Verizon to allow outsiders on network


NEW YORK -- In a significant change of a policy for a mobile carrier, Verizon Wireless said Tuesday it would allow devices, software and other applications not offered by the company to run on its network.

By early 2008, the mobile giant will publish technical standards for third-party developers to make cell phones, mobile devices and other applications that would be compatible with its network. Verizon subscribers will then have the option of sticking with company-offered software and hardware or switching over to a different company's offerings.

The move, which shocked many observers because Verizon and other carriers had previously been seen as protective of their networks, is seen as a reaction to Google's Android platform, announced earlier this month. In this initiative, the search company will make free mobile software available for use on phones with Sprint Nextel and T-Mobile signed on to be carriers for the phones in the U.S. and Samsung, Motorola and LG are some of the bigger names providing the technology for the handsets.

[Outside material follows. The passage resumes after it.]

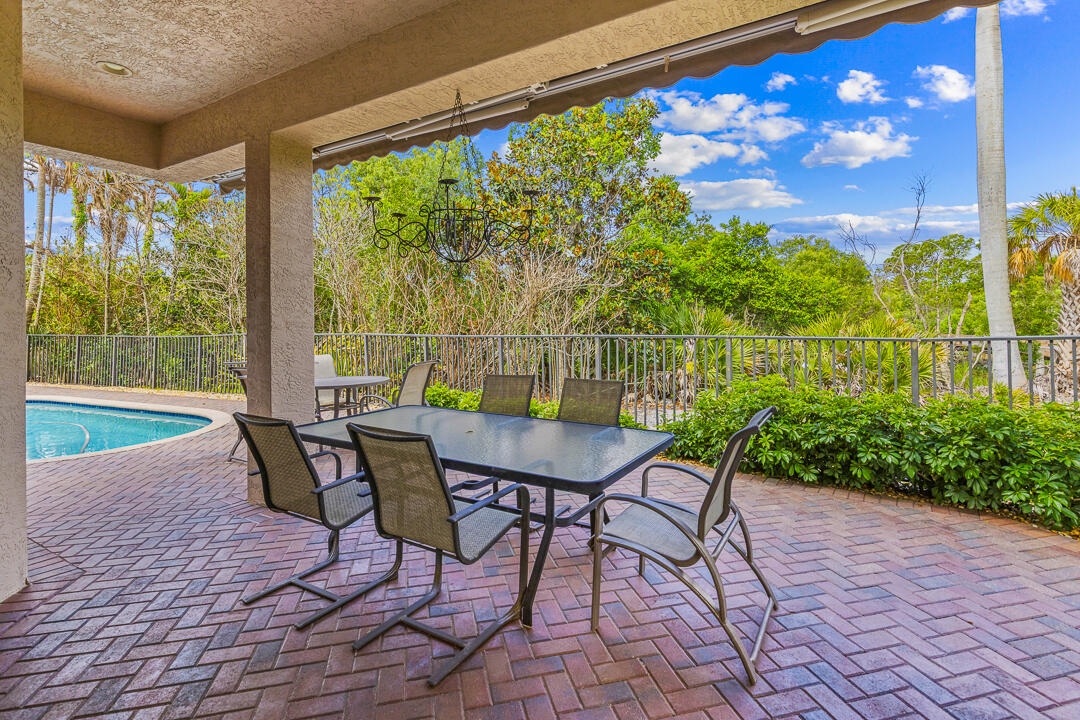 PALM COVE GOLF & YACHT CLUB - Residential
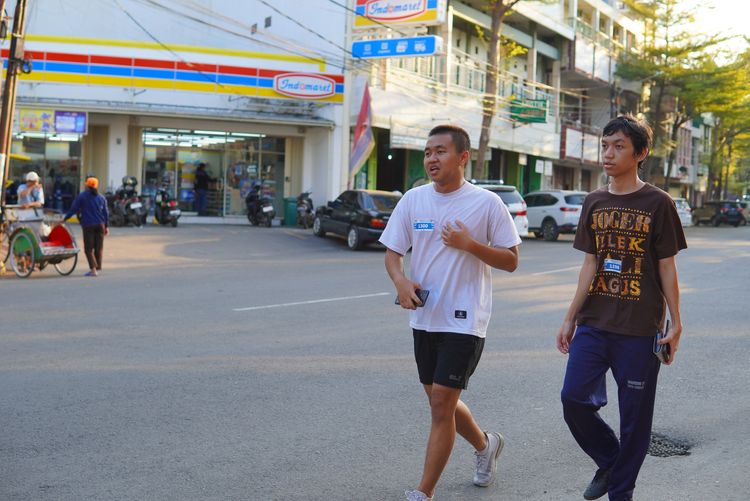 Race photo from Shake Out Run Jabar 10K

The move is also seen as an appeal to the FCC ahead of the 700 MHz spectrum auction next month, in which Google has been mentioned as a front-runner. In July, the FCC added regulations ensuring that the spectrum would go to an open network, a stipulation that Verizon initially objected to.

Certain devices, though, still will not be available for Verizon subscribers because the carrier runs on a CDMA network. Apple's iPhone, which is currently only legally available for AT&T customers, runs on a GSM network, for example.